# Operating Silvia from bed?



## Doram (Oct 12, 2012)

I am thinking of treating myself to one of those remote controlled mains sockets, so that I can turn on my Rancilio Silvia from bed. This would mean that I will have to leave the machine's on/off switch always on, and instead turn it on and off directly from the mains socket. I am not sure if this is OK to do and if it will have any negative effect. I would love to have some advice from those who have the technical knowledge to say if this would work or if it is a bad idea.


----------



## AndyS (May 12, 2012)

If the boiler runs low on water you will uncover the heating element and may burn it out. Turning Silvia on remotely increases the chance that this will happen, if, for instance, you have a leak or you leave it in steam mode the night before and the steam valve is not tightly shut. Everyone would like to think that they'd never leave it like that, but mistakes happen -- I speak from experience.


----------



## coffeechap (Apr 5, 2012)

I agree, the problem with the tiny boiler machines is just that, the boilers are tiny and any leakage of temp be it steam wand or seal, would mean it will not tke long for that boiler to empty and as such empty boiler means dead element! Not so bad on bigger boilers as much more room if a problem occurs


----------



## Doram (Oct 12, 2012)

Thanks for your reply. I am more worried about *direct *consequences of leaving the machine's switch on all the time, and operating from the socket. You are of course right about the problem you describe, but this is a similar risk that I take by sending the children/wife to turn on the machine, or walking to the kitchen in my sleep, flicking the machine on and going back to bed: I don't stand over the machine when it's warming up anyway. I have had the same Silvia for 15 years (did do an overhaul during that period, tbh), so I hope that I can remember to make sure I have water in the tank and turn off steam mode. So what about direct implications? Are there any?


----------



## painty (Jul 25, 2011)

I didn't even know they made Silvia 15 years ago!


----------



## Doram (Oct 12, 2012)

Bought in Amsterdam, September 1999... 

And I don't think it was a brand new model even then.


----------



## painty (Jul 25, 2011)

Must be one of the first in the UK! - does it have the red and green indicator lights? Also the drip tray was nicer on those early models if I recall.


----------



## Doram (Oct 12, 2012)

painty said:


> Must be one of the first in the UK! - does it have the red and green indicator lights? Also the drip tray was nicer on those early models if I recall.
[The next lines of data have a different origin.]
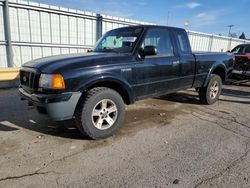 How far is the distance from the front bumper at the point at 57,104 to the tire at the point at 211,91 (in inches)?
156

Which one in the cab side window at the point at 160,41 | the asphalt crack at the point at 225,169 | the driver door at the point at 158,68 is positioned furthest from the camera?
the cab side window at the point at 160,41

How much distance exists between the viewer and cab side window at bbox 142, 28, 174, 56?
4421mm

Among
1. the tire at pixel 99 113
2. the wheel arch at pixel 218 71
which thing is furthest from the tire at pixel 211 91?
the tire at pixel 99 113

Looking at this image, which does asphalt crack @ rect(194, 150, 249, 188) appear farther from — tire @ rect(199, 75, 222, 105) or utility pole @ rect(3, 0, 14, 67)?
utility pole @ rect(3, 0, 14, 67)

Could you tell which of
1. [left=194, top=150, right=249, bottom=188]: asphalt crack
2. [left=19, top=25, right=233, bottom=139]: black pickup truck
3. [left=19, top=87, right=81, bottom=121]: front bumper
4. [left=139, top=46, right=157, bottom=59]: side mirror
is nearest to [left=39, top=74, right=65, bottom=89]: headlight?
[left=19, top=25, right=233, bottom=139]: black pickup truck

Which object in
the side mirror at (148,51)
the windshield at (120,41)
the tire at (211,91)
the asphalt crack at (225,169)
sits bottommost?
the asphalt crack at (225,169)

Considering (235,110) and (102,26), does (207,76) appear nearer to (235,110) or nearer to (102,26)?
(235,110)

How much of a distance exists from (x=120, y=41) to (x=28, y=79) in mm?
1941

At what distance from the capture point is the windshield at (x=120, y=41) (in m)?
4.26

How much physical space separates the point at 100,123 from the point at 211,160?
185 centimetres

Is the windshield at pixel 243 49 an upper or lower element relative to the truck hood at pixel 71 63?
upper

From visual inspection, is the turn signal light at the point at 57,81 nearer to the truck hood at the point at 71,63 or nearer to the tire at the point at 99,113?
the truck hood at the point at 71,63

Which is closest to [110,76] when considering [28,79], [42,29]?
[28,79]

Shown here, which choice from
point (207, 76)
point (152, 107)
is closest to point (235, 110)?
point (207, 76)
Not in the UK. I was living in Belgium at the time, and it only arrived in the UK about 3 years ago. It wasn't a brand new model even then, I think.


----------



## pbutterworth (Mar 30, 2010)

I do have my Silvia on a remote switch.

IMHO you just need to make sure that you prime the boiler after each use, which you should do anyway.

I know you don't want to rely on it, but the Silvia does have a thermal cut-out, should it boil dry, I don't see that doing this is any worse than leaving it on all day and leaving the room/house.


----------



## Doram (Oct 12, 2012)

Thanks for confirming this. It is exactly my thoughts. In the long time that I have had the machine, it happened that I forgot it on all day, or all night, and nothing happened. Operating by remote, I thought, should not make a difference in this respect. I just thought that maybe leaving the switch on, but turning the socket off, would be different to turning off from the switch. But common sense drives me to think it is the same, and your experience supports that. So thank you very much!


----------



## Rallen (May 16, 2013)

+1 to the 'doesnt matter how you turn it on'-part. I have been using a timerwatch myself, and it seems to work exactly the same way as turning it on and off.
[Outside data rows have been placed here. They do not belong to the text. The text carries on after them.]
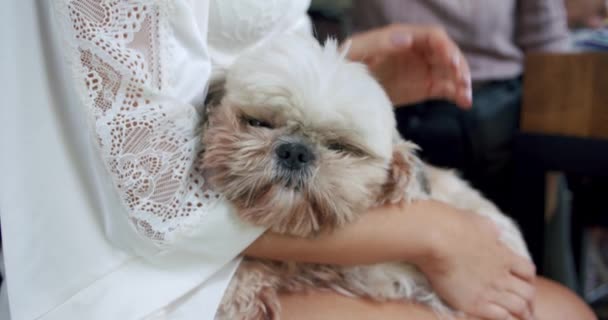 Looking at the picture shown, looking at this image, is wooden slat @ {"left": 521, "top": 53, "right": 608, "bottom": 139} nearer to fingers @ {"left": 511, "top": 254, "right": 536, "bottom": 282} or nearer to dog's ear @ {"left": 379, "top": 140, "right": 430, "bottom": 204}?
fingers @ {"left": 511, "top": 254, "right": 536, "bottom": 282}

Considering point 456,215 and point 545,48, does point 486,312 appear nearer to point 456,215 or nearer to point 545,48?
point 456,215

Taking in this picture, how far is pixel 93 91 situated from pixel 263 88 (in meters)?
0.24

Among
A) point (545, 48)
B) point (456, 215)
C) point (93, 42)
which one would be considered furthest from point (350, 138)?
point (545, 48)

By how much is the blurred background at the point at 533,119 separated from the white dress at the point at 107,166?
35.9 inches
Have you checked whether your remote controlled socket can handle the silvias watt-usage? I dont know how much it matters, but the ones I saw were rated lower than 1100W.


----------



## Doram (Oct 12, 2012)

Thanks. Some remote sockets are rated 1000W or 1100W, and others are 3000W. The Silvia is 1700W, so to use remotely one must make sure to get a 3000W rated remote socket. Another thing to pay attention to before getting one is that the remote has separate buttons for ON and OFF. Some use just one button (first push to turn ON, and a second push to turn off), so you can't be sure if you turned the socket on or off if you can't see it. I saw a 3000w remote socket with separate buttons in Dunelm Mill for £9, and the lightwave RF ones are also rated 3000W and have separate on/off buttons, but come in a set of three and are more expensive. I didn't try any yet, so can't recommend.


----------